I don't think it ever ends. Once you start choosing and judging it never ends.

I heard this Scottish comedienne's talk the other day about prenatal testing. It is excellent (and funny too). She makes an insightful point when she considers that her son might have Down syndrome. She asks if having Down syndrome means you are a 'bad person.' It made me think, wouldn't it be something if prenatal testing could predict if the unborn would be a 'good person" or would contribute in a way that would make the world a better, kinder and more compassionate place either directly or indirectly by inspiring others. And then I realized that we do have these tests and the conditions they identify are often those in which the fetus is deemed better not to be born.

I heard an equally depressing story on NPR yesterday about how our juvenile justice system treats children, many of whom have psychological disorders, stripping them of their vibrant youth and replacing it with endless boredom, where they slouch over in chairs with the discovery channel making empty noise in the background of their day room. It is crushing to contemplate. Both these stories are.

But there are also equally delightful stories about matching the passions of a wide variety of youth and adults with disabilities with work and meaningful employment. It is possible! See, for example, what McKnight has done in the states (and up here in Canada) around social & community capital (asset-based community development I think its called)! He has some great stories. But so much of it comes from connections and building community capacity ... which our kids are doing just by being in school! Their peers are the co-workers and employers of the future ... no? Things are changing, slowly, but still... changing. Get your friends and neighbours and family to note to the manager at any store that employs a person with a disability (and you can see that they are treated respectfully). Don't let them know that you have a vested interest ... just ask for the manager and say that you noticed! Hey! I see that you employ people with a range of abilities. I like to see that. I'm going to make sure to come back here! If we (and all our neighbours and friends) did that, what kind of a difference do you think that would make?

It's worth noting that there are plenty of non-disabled kids who do not fulfill their dreams of becoming marine biologists - can't hack it, lose interest, get the degree but can't get a job in the field of their choice, etc - and it is NOT, in and of itself, regarded as a tragedy. It's similarly non-tragic if a kid with a disability, like Jamie, doesn't land his dream job either.

It is also worth noting that Jamie lives in State College, PA - a smallish college town in the middle of nowhere. That likely impacts his job prospects too. It isn't right, it isn't fair, it just is (and applies to the non-disabled kids in his town too).

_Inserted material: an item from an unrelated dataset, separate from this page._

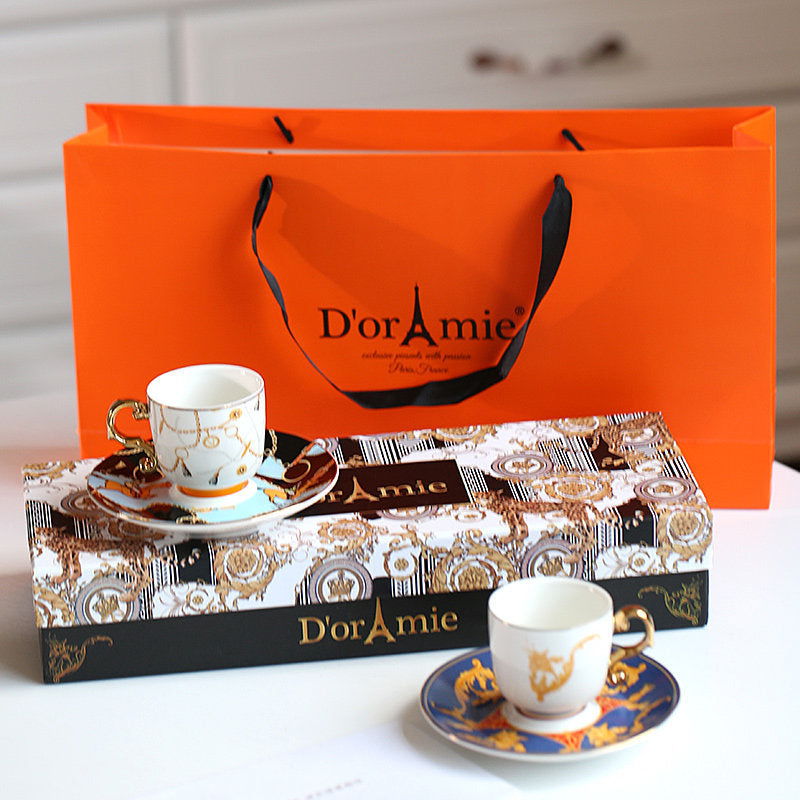 Fashion Small Turkish Coffee Cup And Saucer Tea Set Gift Box - Grand Goldman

There's clearly a need to assist kids like Jamie - smart, curious, friendly, hard-working and in need of a bit of support - to find a job he enjoys and in which he can meaningfully contribute. But it's also not a tragedy if all Jamie finds is a boring, just over minimum wage job that pays the the bills -- as many a non-disabled kid is forced to do too.

On a happier note, and speaking from personal experience, in a city like Toronto (my hometown) people with disabilities have plenty of options -- my dad (who raised me as a single parent) is blind and spent most of his career working for the city as a mid-level manager and my niece (who has DS, like Jamie) landed a job she loves (and has held for years!) via her adult transitions co-op program at Costco and many of her friends did too.

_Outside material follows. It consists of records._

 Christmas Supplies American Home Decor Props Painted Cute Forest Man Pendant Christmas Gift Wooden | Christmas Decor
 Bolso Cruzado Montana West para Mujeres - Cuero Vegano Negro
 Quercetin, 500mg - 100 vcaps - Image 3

I'm so glad to have come across the AlJazeera article. It really struck me and it's sad how society plays into downgrading a person's goals.

Thank you for this well-written article. Sad, but true. There are some good organizations out there, but it is hard to find them. My sister worked for over 20 years for a wonderful organization in Tacoma, WA called L'Arche Farm and Garden. You can find them on the web, or read about them on my blog. I think they have facilities in other places.